Abstract:Learning speaker-specific features is vital in many applications like speaker recognition, diarization and speech recognition. This paper provides a novel approach, we term Neural Predictive Coding (NPC), to learn speaker-specific characteristics in a completely unsupervised manner from large amounts of unlabeled training data that even contain multi-speaker audio streams. The NPC framework exploits the proposed short-term active-speaker stationarity hypothesis which assumes two temporally-close short speech segments belong to the same speaker, and thus a common representation that can encode the commonalities of both the segments, should capture the vocal characteristics of that speaker.

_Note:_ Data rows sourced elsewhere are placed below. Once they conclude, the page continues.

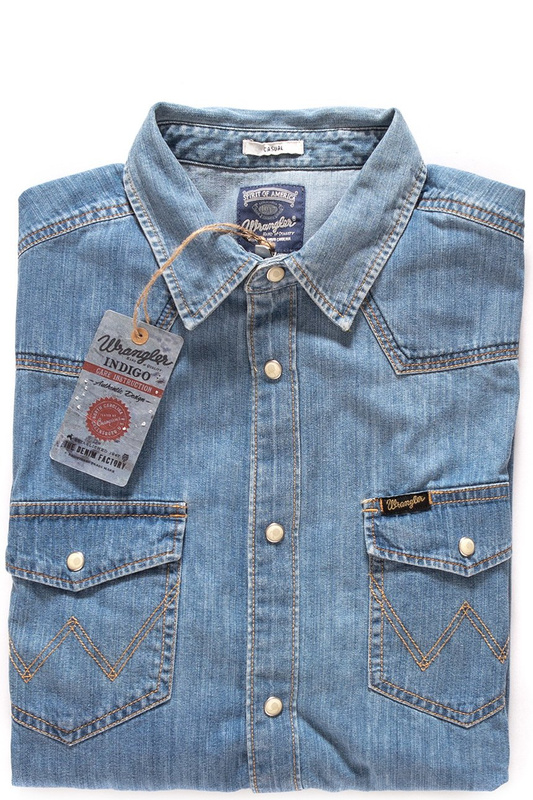 WRANGLER L/S CLASSIC WESTERN LIGHT INDIGO W5834O14E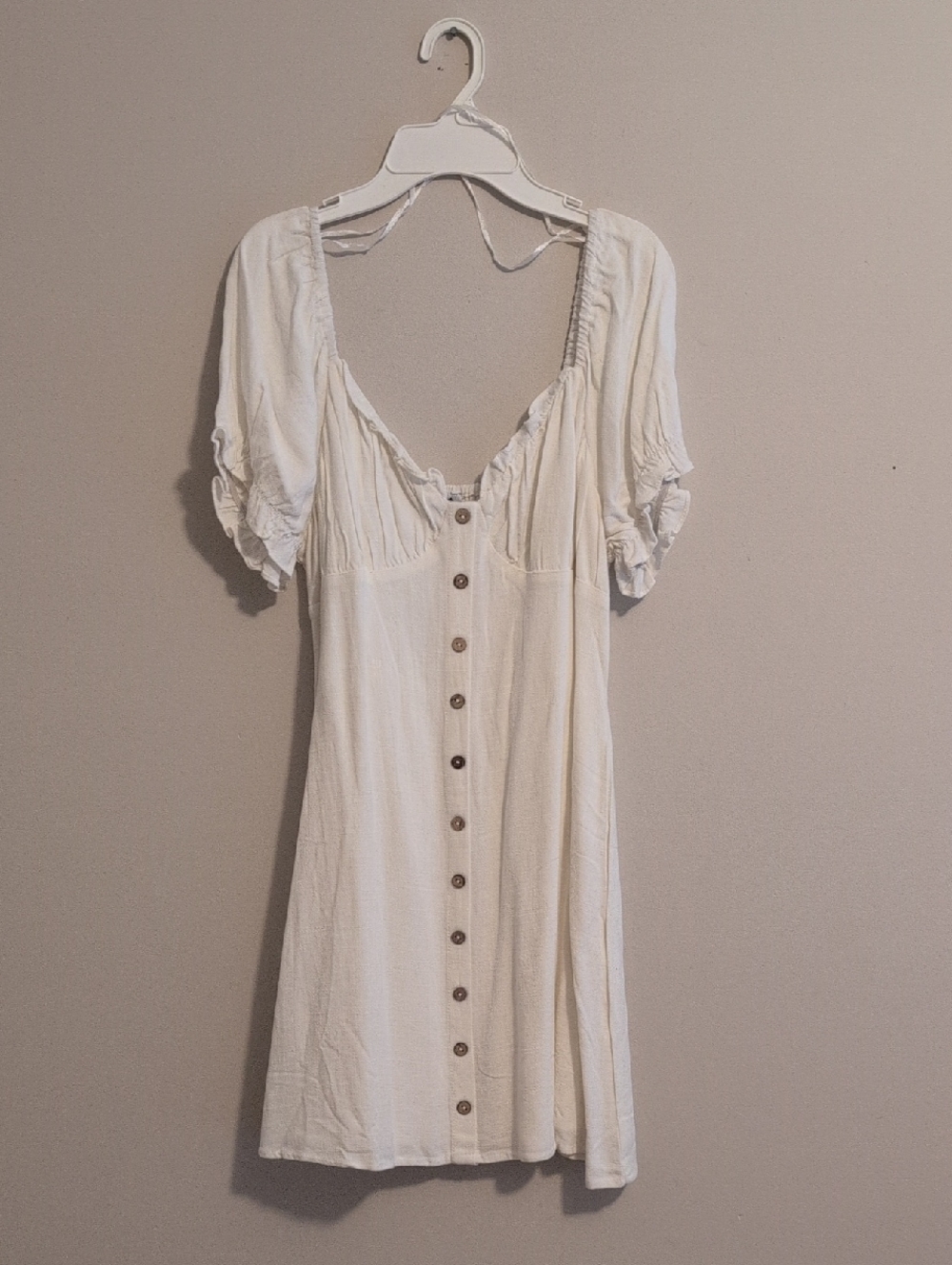 Cream Button-Front Short Dress with Puff Sleeves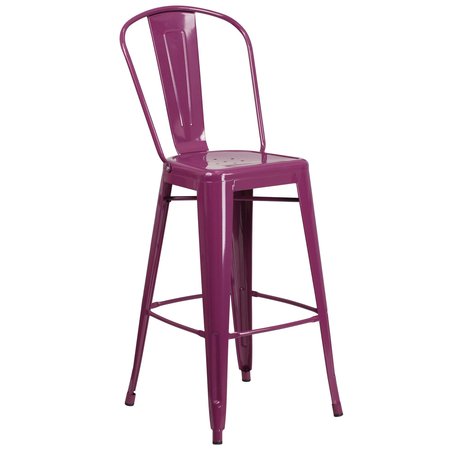 Flash Furniture Purple Metal Indoor-Outdoor Barstool with Back, 30" High 4-ET-3534-30-PUR-GG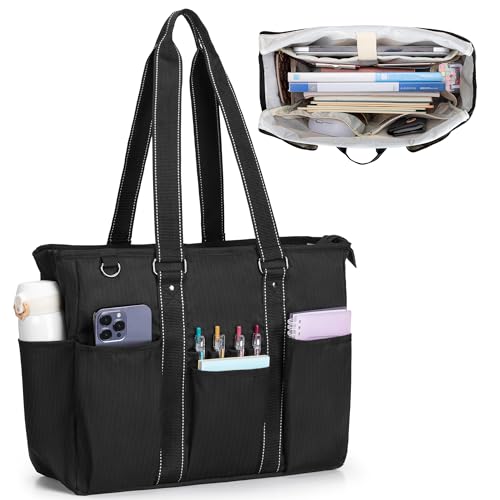 [Damero] 教師用トートバッグ ビジネスバッグ 大容量 多いポケット A4書類収納 ペン差しや15.6インチノートパソコン用スリーブ付き 通勤 通学 旅行 訪問 出張 ブラックのサムネイル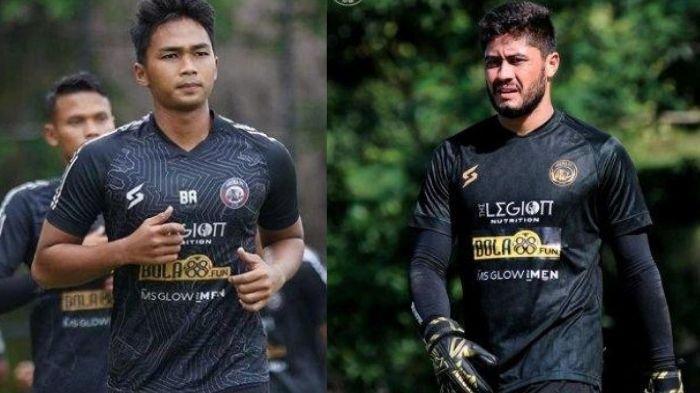 Adilson Maringa (kanan) dan Bagas Adi (kiri) pemain Arema FC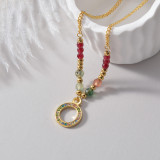 Stainless Steel Colorful Beaded Zircon Pendant Necklace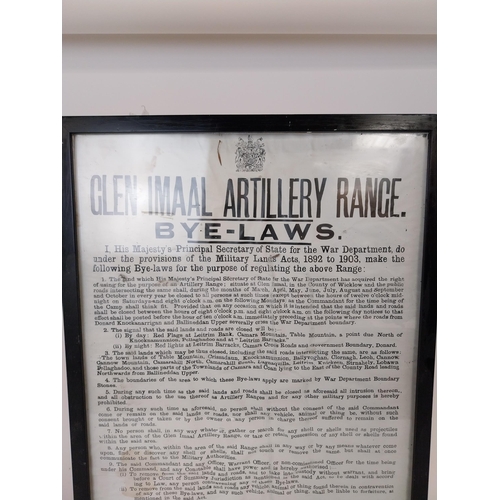 51 - Glen Imaal Artillery Range Bye Laws 1892 - 1905 by order of W S Churchill framed print {63 cm H x 49... 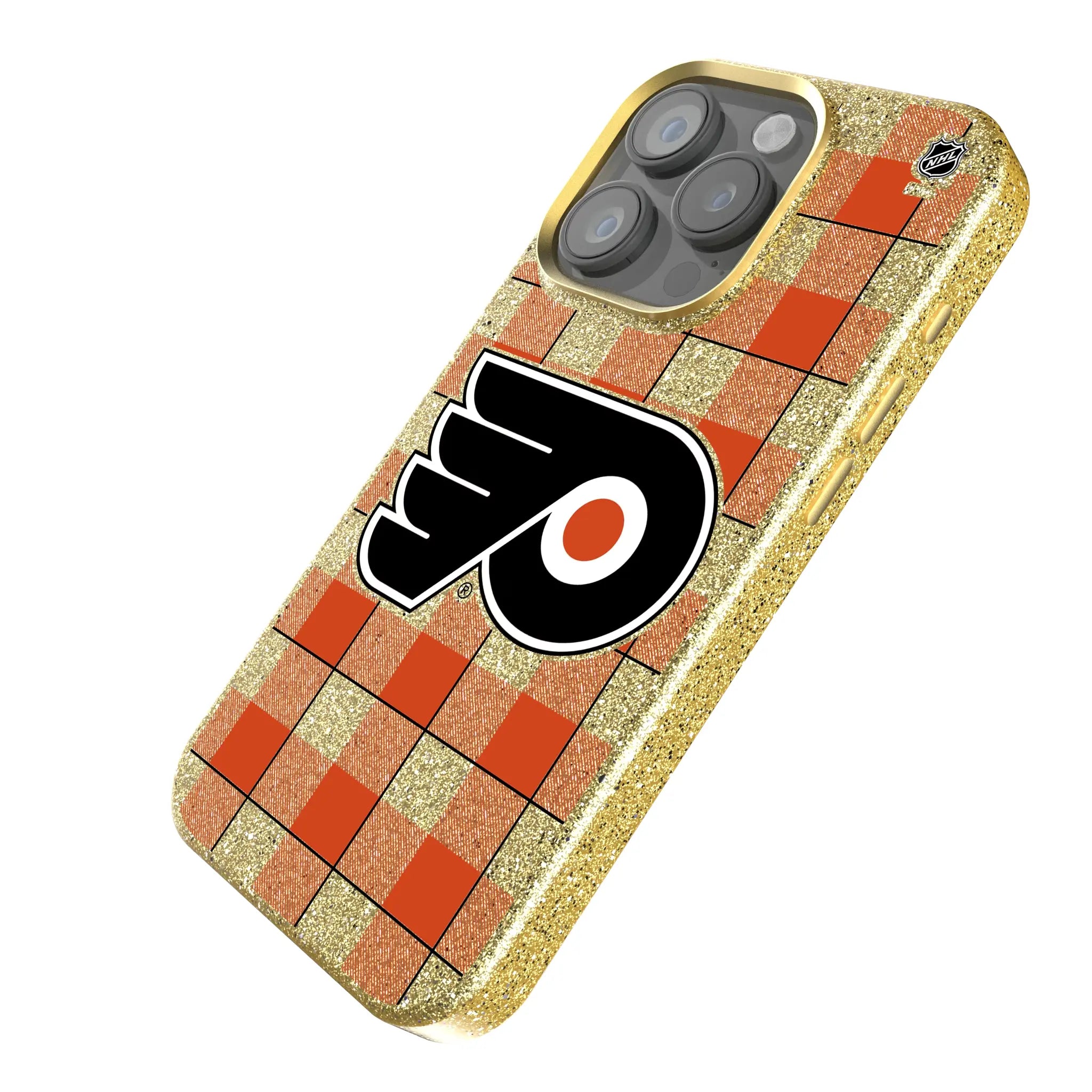 Philadelphia Flyers Plaid iPhone Bling Phone Case for Apple iPhone - Isometric View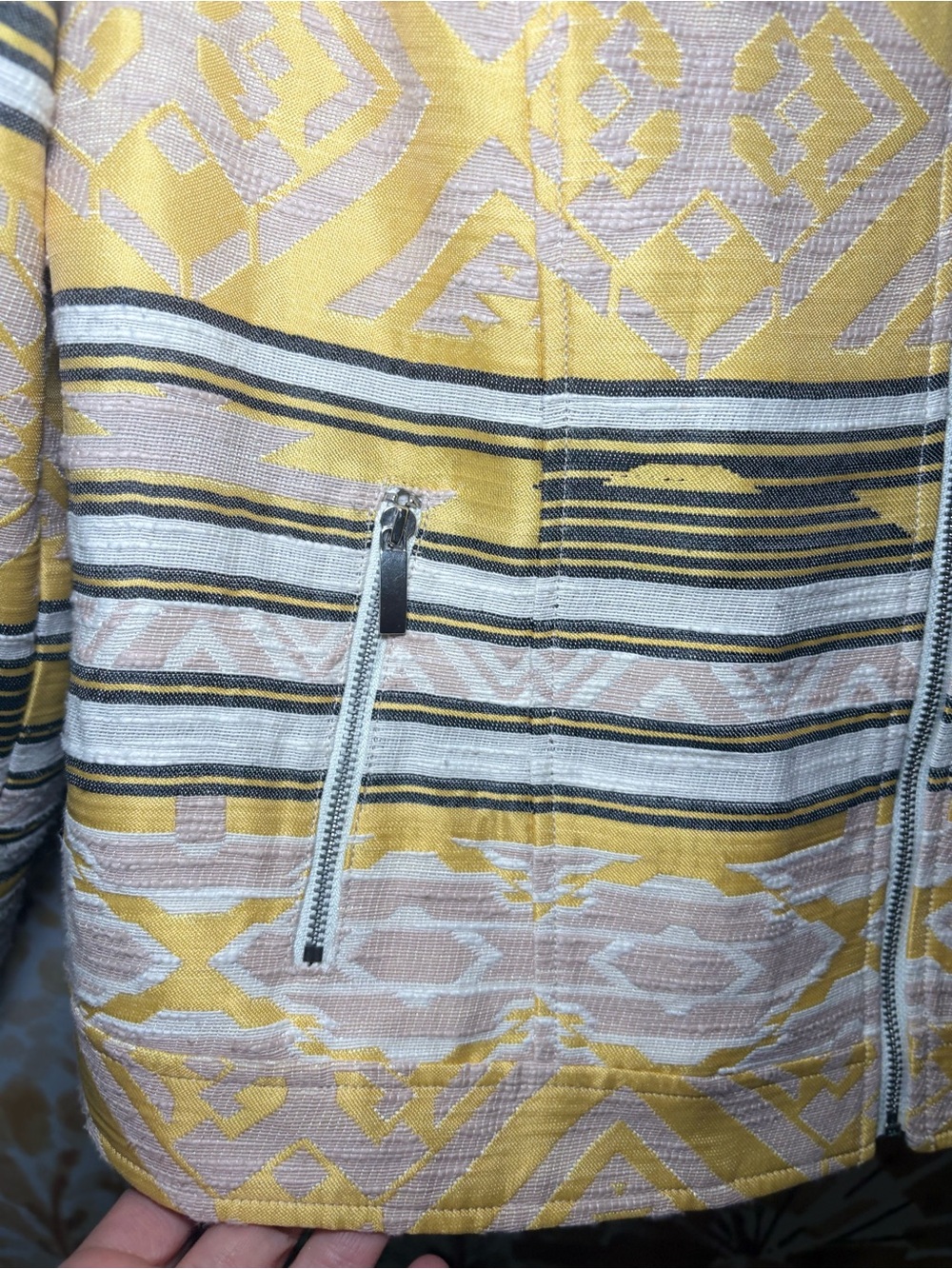 Chico's Tribal Print Zip Jacket Yellow Geometric Moto Jacket Boho Southwestern - Picture 8 of 13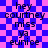Blue and pink checkered background with repeated text 'hey courtney miss ya eunice' in black pixelated font across two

We train a convolutional deep siamese network to produce "speaker embeddings" by optimizing a loss function that increases between-speaker variability and decreases within-speaker variability. The trained NPC model can produce these embeddings by projecting any test audio stream into a high dimensional manifold where speech frames of the same speaker come closer than they do in the raw feature space. Results in the frame-level speaker classification experiment along with the visualization of the embeddings manifest the distinctive ability of the NPC model to learn short-term speaker-specific features as compared to raw MFCC features and i-vectors. The utterance-level speaker classification experiments show that concatenating simple statistics of the short-term NPC embeddings over the whole utterance with the utterance-level i-vectors can give useful complimentary information to the i-vectors and boost the classification accuracy. The results also show the efficacy of this technique to learn those characteristics from large amounts of unlabeled training set which has no prior information about the environment of the test set.